* **Aim of the exercise**: In this exercise, print only the lines from the line with "5670 BAREFOOT Ln, Pacific City, OR 97135" to the last line of the data below, inclusive. Any pictures should be left out.

(Image-caption web data)

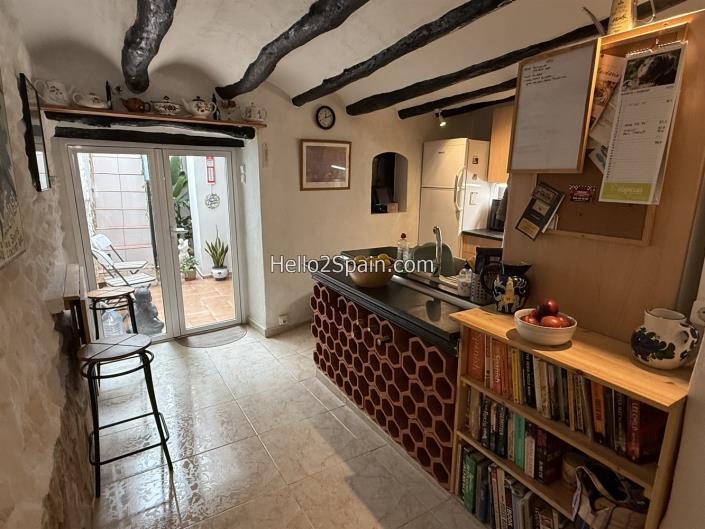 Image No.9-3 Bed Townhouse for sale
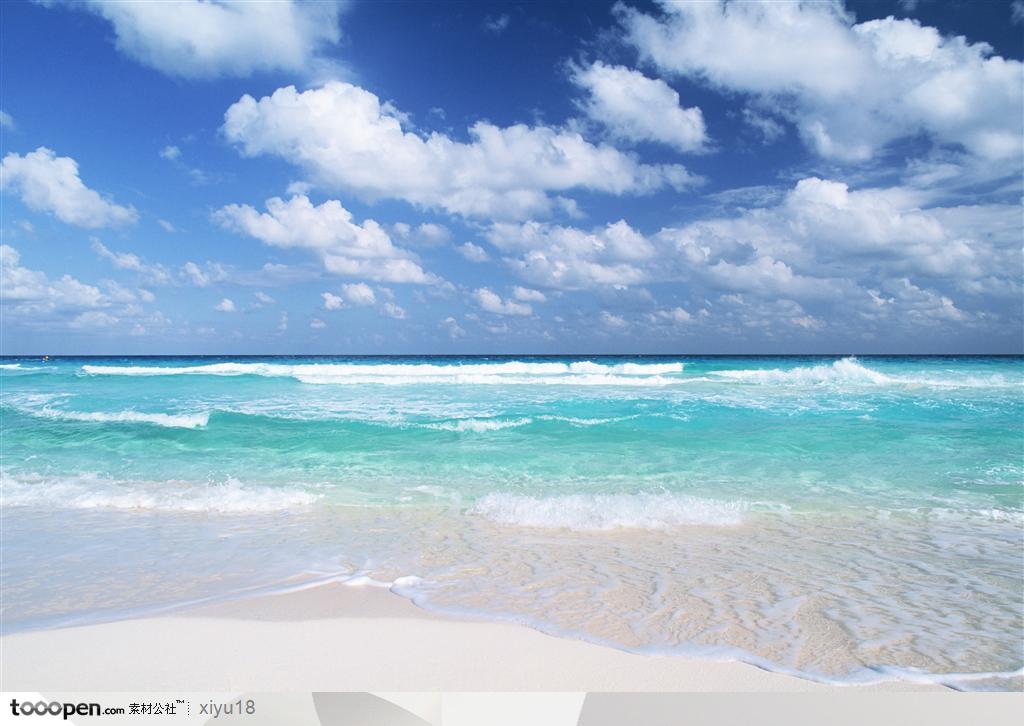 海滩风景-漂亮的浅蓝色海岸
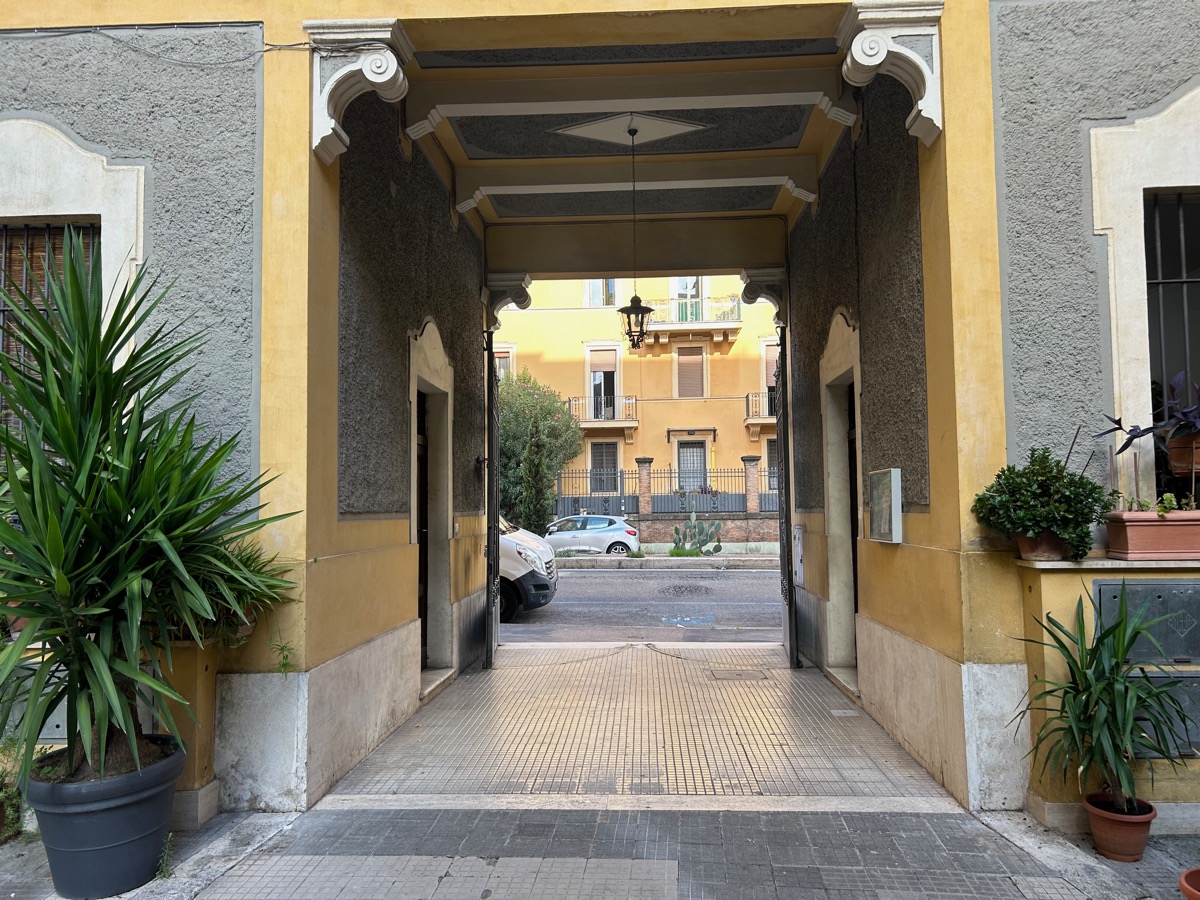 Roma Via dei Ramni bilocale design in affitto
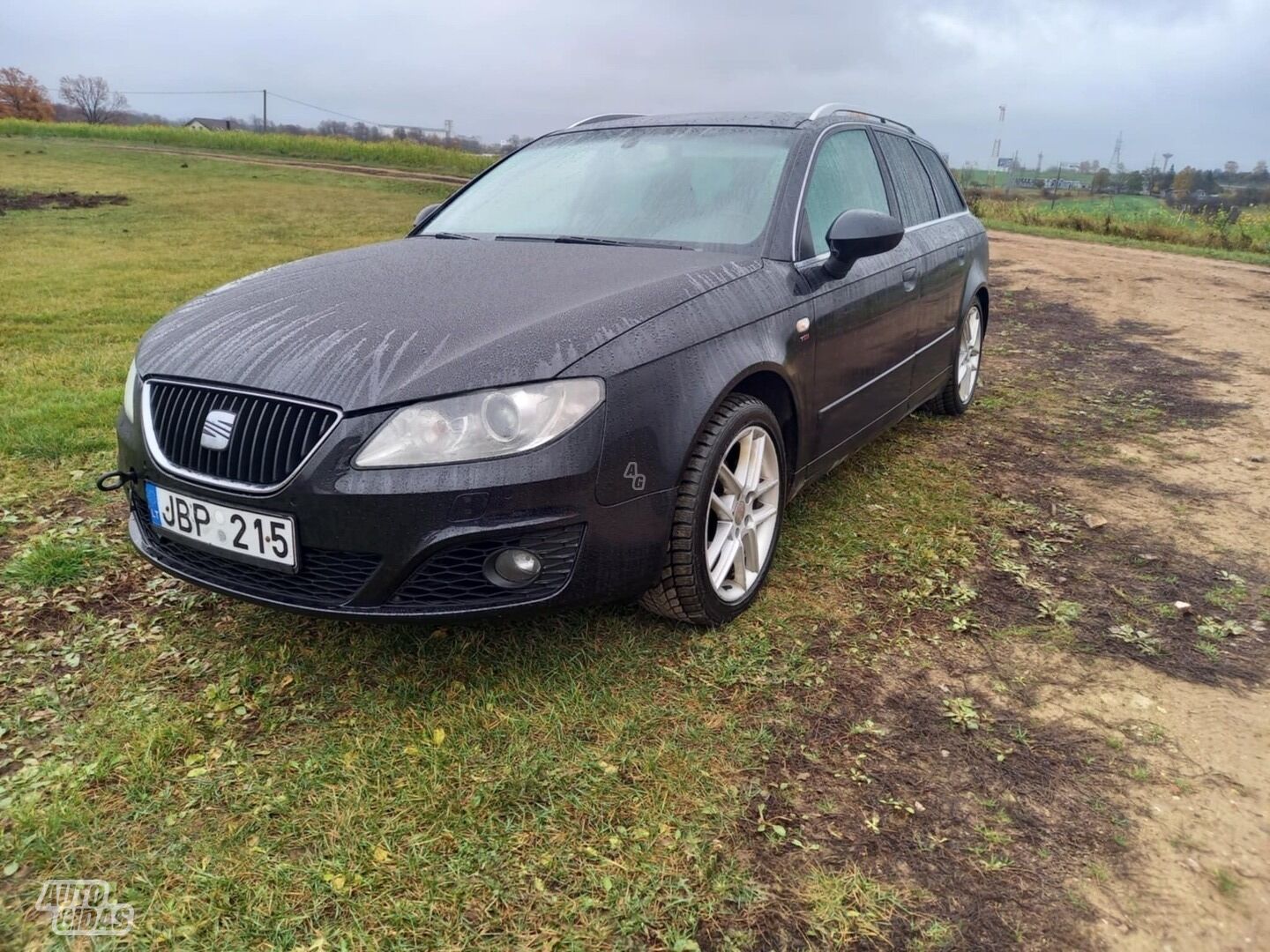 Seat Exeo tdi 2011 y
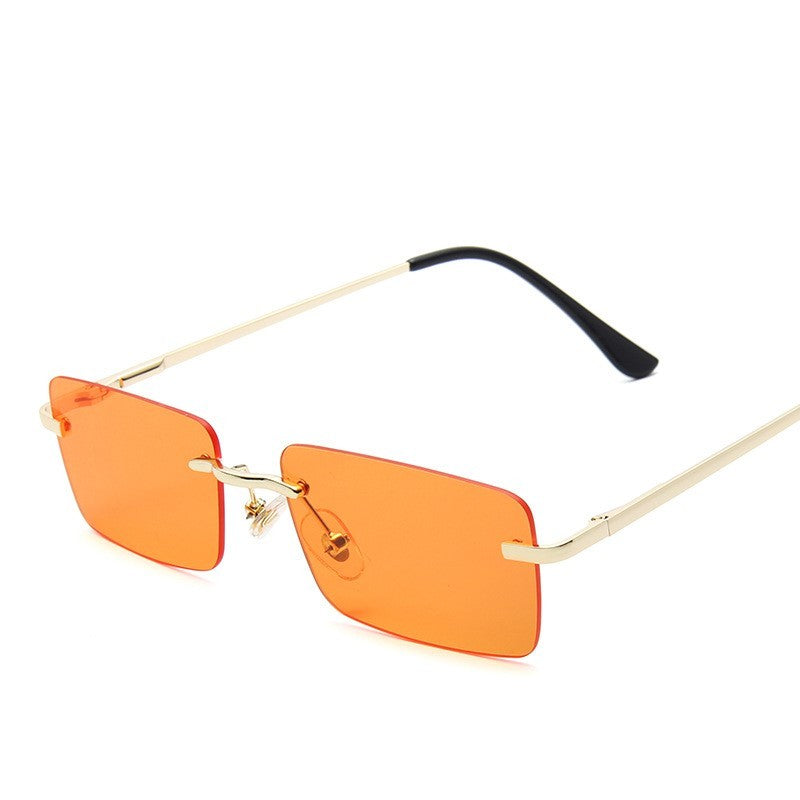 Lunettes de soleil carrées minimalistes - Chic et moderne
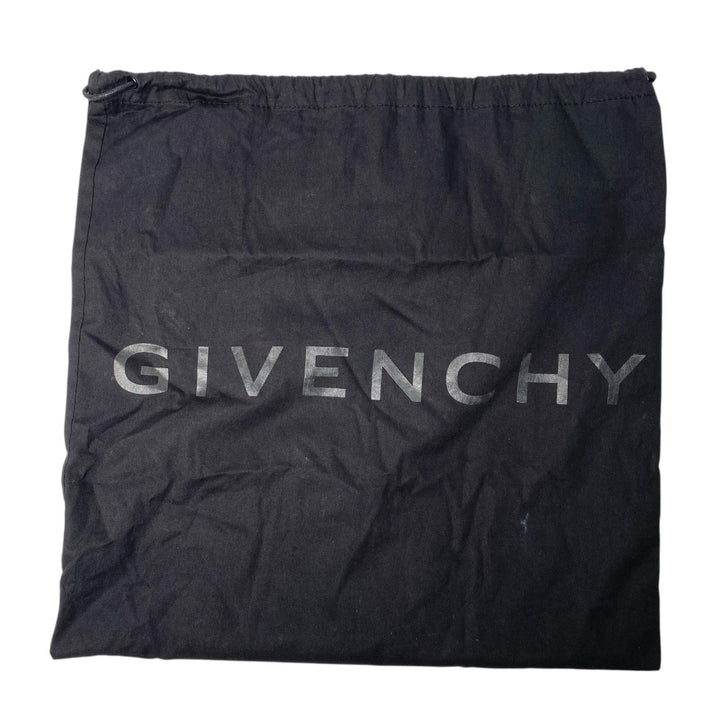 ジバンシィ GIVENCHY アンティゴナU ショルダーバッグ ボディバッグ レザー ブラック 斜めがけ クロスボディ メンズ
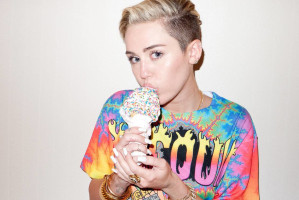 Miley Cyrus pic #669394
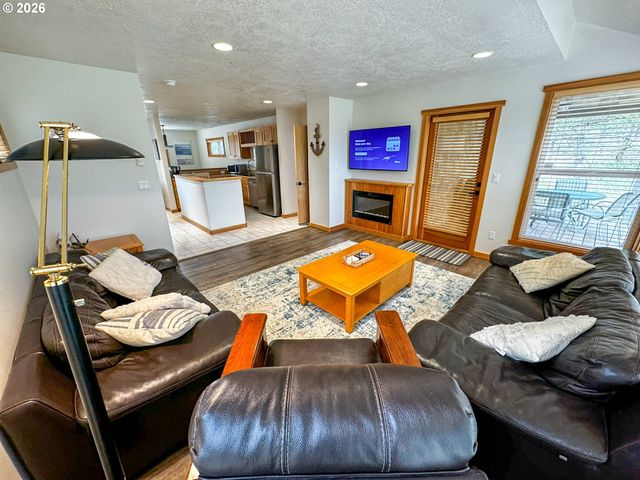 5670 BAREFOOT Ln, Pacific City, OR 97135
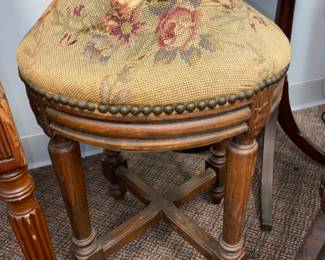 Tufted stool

* **Exercise response**:
 5670 BAREFOOT Ln, Pacific City, OR 97135
 Tufted stool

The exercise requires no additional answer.